Super-operator structures and no-go theorems for dissipative quantum phase transitions

TL;DR

This paper analyzes the structure of Liouville super-operators in open quantum systems, demonstrating that many dissipative phase transitions are impossible and that convergence to steady states is exponential, with implications for various models.

Contribution

It introduces a super-operator framework that bounds spectral gaps and proves no-go theorems for dissipative phase transitions in many quantum systems.

Findings

Dissipative phase transitions are often impossible in large classes of systems.

Spectral gaps can be bounded from below using super-operator structures.

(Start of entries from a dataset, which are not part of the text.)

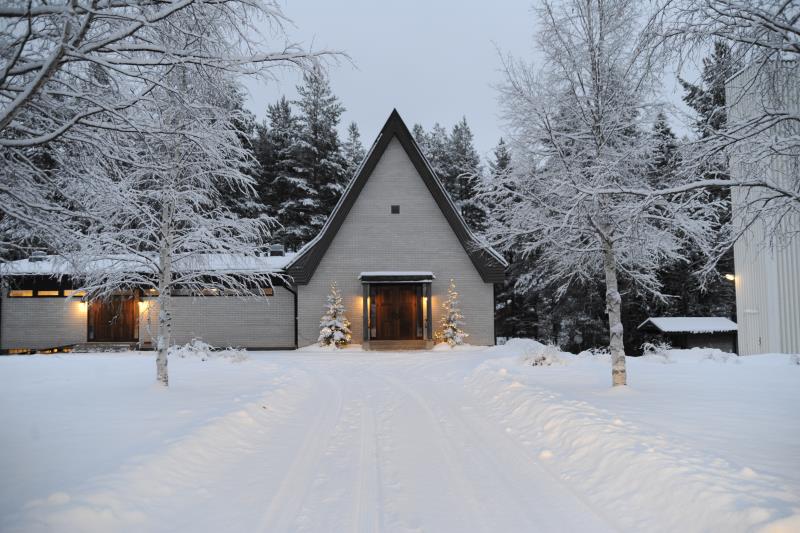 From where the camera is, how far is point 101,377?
11.0 m

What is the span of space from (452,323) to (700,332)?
11799 mm

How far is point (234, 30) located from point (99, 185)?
6.40 ft

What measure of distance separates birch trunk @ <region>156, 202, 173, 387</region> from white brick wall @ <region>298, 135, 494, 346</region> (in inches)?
454

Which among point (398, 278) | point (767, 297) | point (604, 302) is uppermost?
point (398, 278)

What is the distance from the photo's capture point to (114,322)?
21297 mm

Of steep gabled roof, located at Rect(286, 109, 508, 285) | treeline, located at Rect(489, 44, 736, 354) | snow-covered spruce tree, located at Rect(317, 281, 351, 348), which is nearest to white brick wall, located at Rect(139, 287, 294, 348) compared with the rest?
snow-covered spruce tree, located at Rect(317, 281, 351, 348)

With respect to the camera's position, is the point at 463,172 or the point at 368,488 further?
the point at 463,172

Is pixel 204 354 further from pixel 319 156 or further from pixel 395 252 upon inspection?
pixel 319 156

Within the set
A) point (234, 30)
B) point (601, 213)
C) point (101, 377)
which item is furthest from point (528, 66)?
point (101, 377)

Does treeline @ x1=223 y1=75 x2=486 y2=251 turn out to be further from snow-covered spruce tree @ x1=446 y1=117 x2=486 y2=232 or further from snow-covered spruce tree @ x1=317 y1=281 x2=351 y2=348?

Convergence to steady states is exponential in these systems.

Abstract

In the thermodynamic limit, the steady states of open quantum many-body systems can undergo nonequilibrium phase transitions due to a competition between coherent and driven-dissipative dynamics. Here, we consider Markovian systems and elucidate structures of the Liouville super-operator that generates the time evolution. In many cases of interest, an operator-basis transformation can bring the Liouvillian into a block-triangular form, making it possible to assess its spectrum. The spectral gap sets the asymptotic decay rate. The super-operator structure can be used to bound gaps from below, showing that, in a large class of systems, dissipative phase transitions are actually impossible and that the convergence to steady states follows an exponential temporal decay. Furthermore, when the blocks on the diagonal are Hermitian, the Liouvillian spectra obey Weyl ordering relations. The results apply, for example, to Davies generators and quadratic systems, and are also demonstrated for various spin models.